Captioned web images:

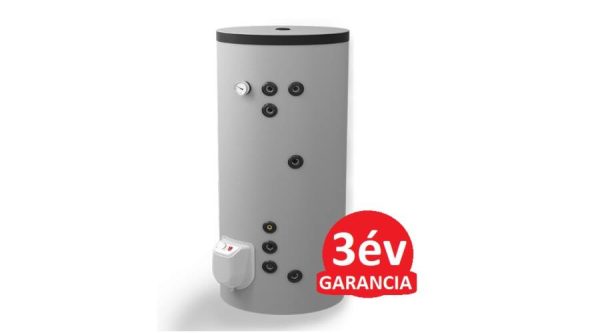 ELDOM Green Line S21 500 álló indirekt HMV tartály (500 liter / 2 párhuzamos hőcserélő / fűtőbetét nélkül)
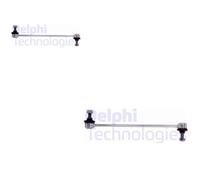 2X DELPHI Barra Stabilizzatrice Anteriore Compatibile Per Suzuki Alto GF Nissan
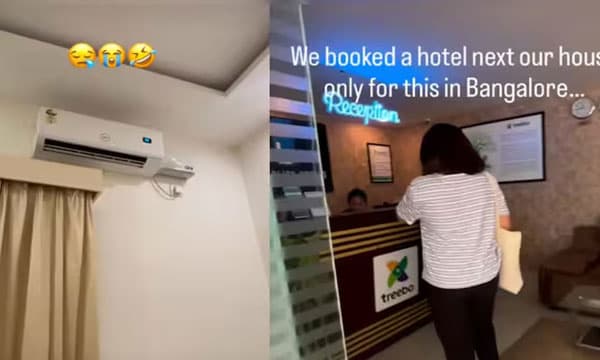 ചൂട് സഹിക്കവയ്യാതായി ; യുവതി വീടിനടുത്തുള്ള ഹോട്ടലില്‍ എസി മുറി ബുക്ക് ചെയ്തു താമസിച്ചു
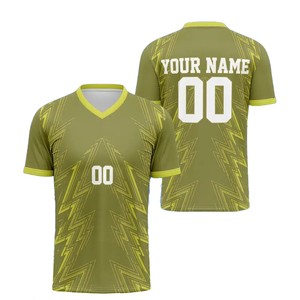 เสื้อฟุตบอลพิมพ์ลายตามสั่ง คุณภาพสูง OEM ดีไซน์ย้อนยุค ผ้าตาข่าย สำหรับผู้ใหญ่ ทั้งชายและหญิง สำหรับฝึกซ้อม ผลิตจากโพลีเอสเตอร์ 100% - Product Image 6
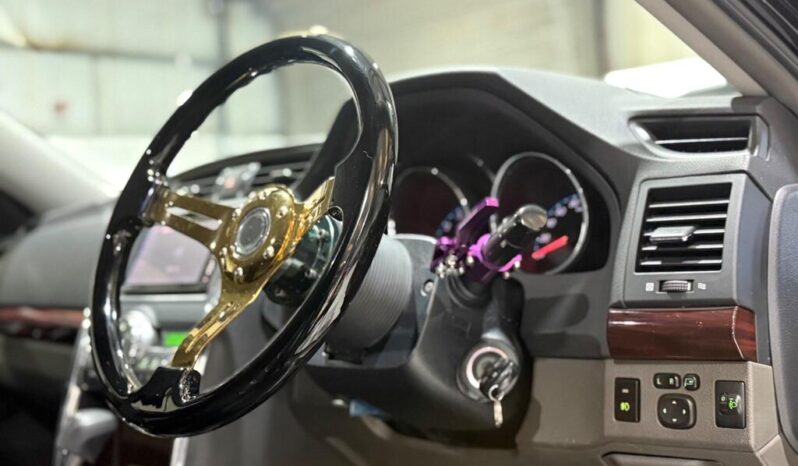 2010 Toyota Mark X 2.5 250 G F SELECTION PACKAGE PETROL AUTOMATIC 4 DOOR RWD full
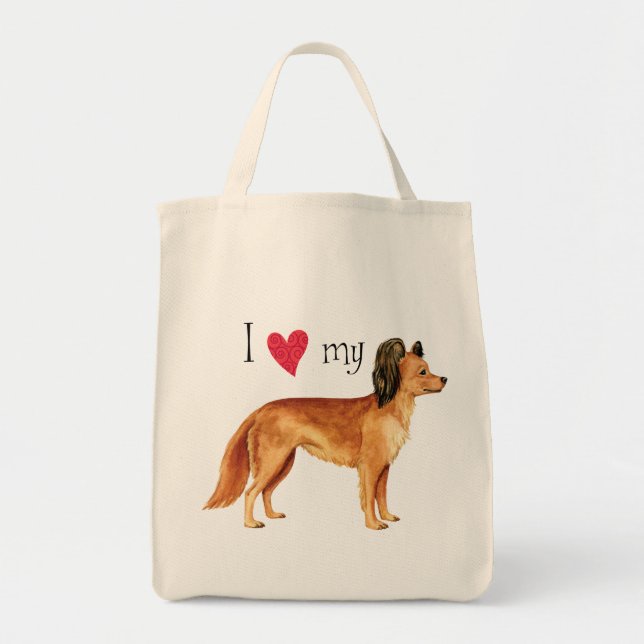Tote Bag J'aime mon jouet russe (Devant)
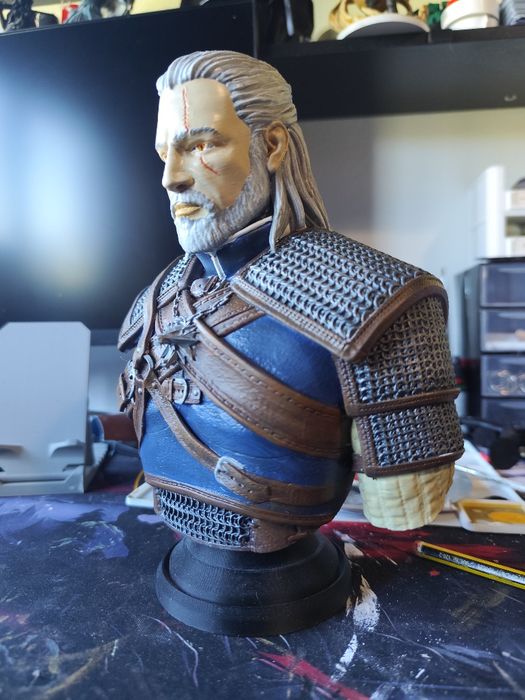 Busto Gerald of Rivia , The Witcher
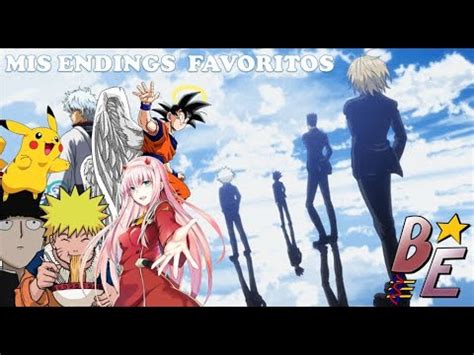 TOP 10 Los MEJORES ENDINGS Del ANIME Nuevo Y Recargado YouTube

- _The problem_
What the answer needs is every record above, exactly as written, and no pictures.

- _Task solution_
 ELDOM Green Line S21 500 álló indirekt HMV tartály (500 liter / 2 párhuzamos hőcserélő / fűtőbetét nélkül)
 2X DELPHI Barra Stabilizzatrice Anteriore Compatibile Per Suzuki Alto GF Nissan
 ചൂട് സഹിക്കവയ്യാതായി ; യുവതി വീടിനടുത്തുള്ള ഹോട്ടലില്‍ എസി മുറി ബുക്ക് ചെയ്തു താമസിച്ചു
 เสื้อฟุตบอลพิมพ์ลายตามสั่ง คุณภาพสูง OEM ดีไซน์ย้อนยุค ผ้าตาข่าย สำหรับผู้ใหญ่ ทั้งชายและหญิง สำหรับฝึกซ้อม ผลิตจากโพลีเอสเตอร์ 100% - Product Image 6
 2010 Toyota Mark X 2.5 250 G F SELECTION PACKAGE PETROL AUTOMATIC 4 DOOR RWD full
Tote Bag J'aime mon jouet russe (Devant)
 Busto Gerald of Rivia , The Witcher
 TOP 10 Los MEJORES ENDINGS Del ANIME Nuevo Y Recargado YouTube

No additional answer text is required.